- [PROVIDED MATERIAL]:
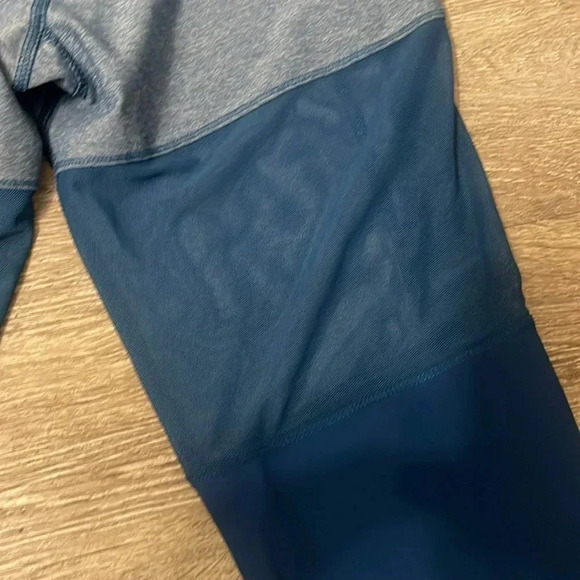 Lululemon Training Tough Crop Legging Teal Size 8 Mesh Detail - Picture 6 of 9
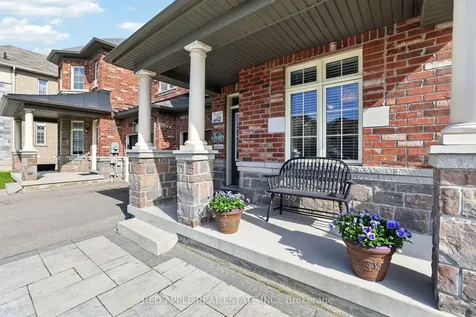 347 Luck Court Newmarket ON L3X 0J5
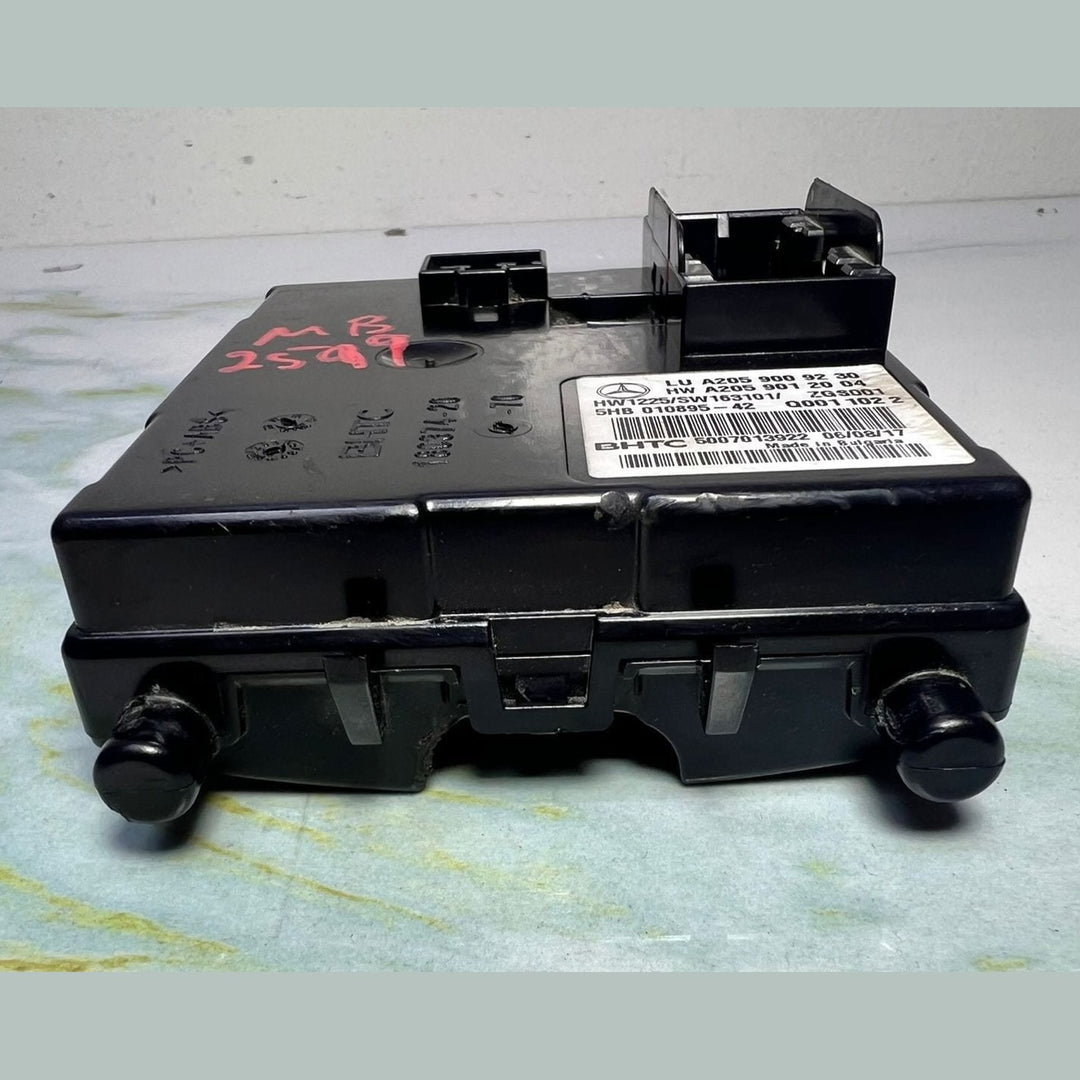 2018 Mercedes C43 AMG Air Conditioning Control Module A2059009230 W205 W253 GLC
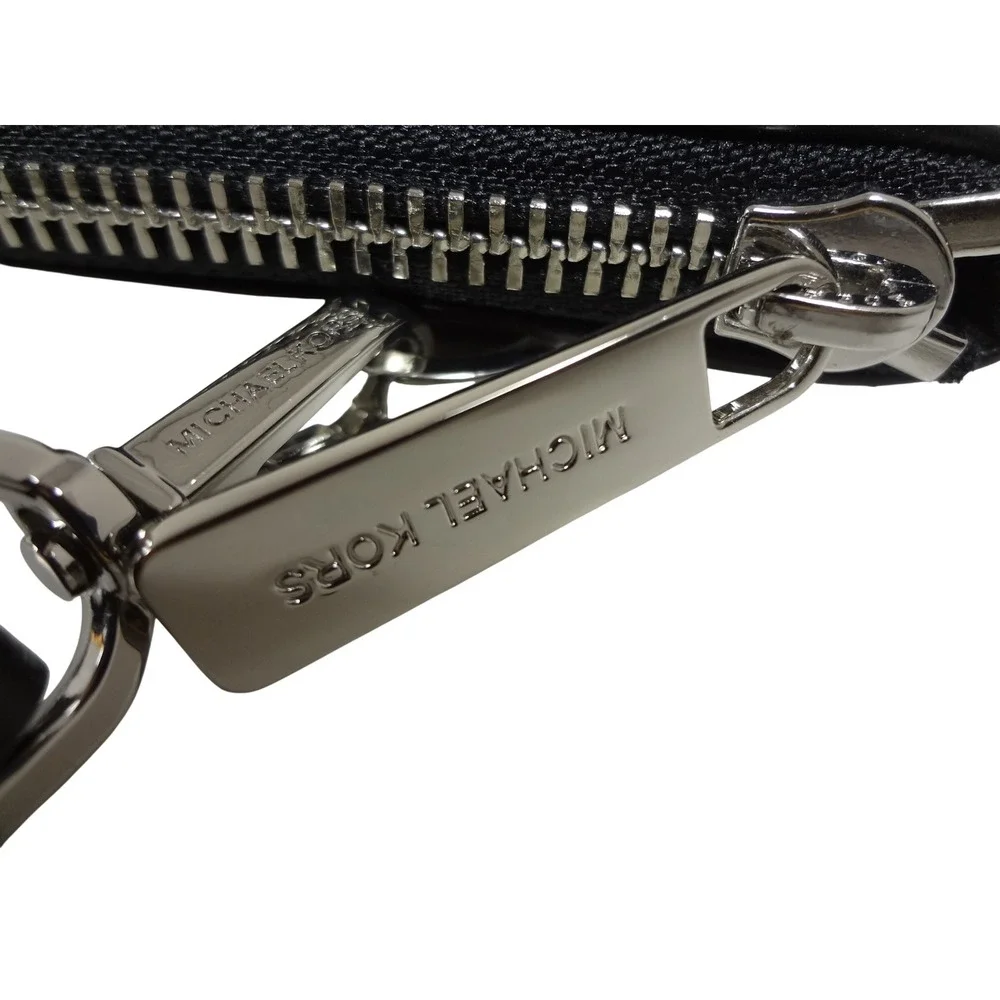 Michael Kors Signature Logo White Black Crossbody Bag 3-in-1 Clutch Pouch - Picture 10 of 11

- [DESCRIPTION OF THE TASK]: Pictures are to be left out; otherwise, copy exactly each line from the one containing "2018 Mercedes C43" through the last line of the listing.

- [RESPONSE AREA]:
 2018 Mercedes C43 AMG Air Conditioning Control Module A2059009230 W205 W253 GLC
 Michael Kors Signature Logo White Black Crossbody Bag 3-in-1 Clutch Pouch - Picture 10 of 11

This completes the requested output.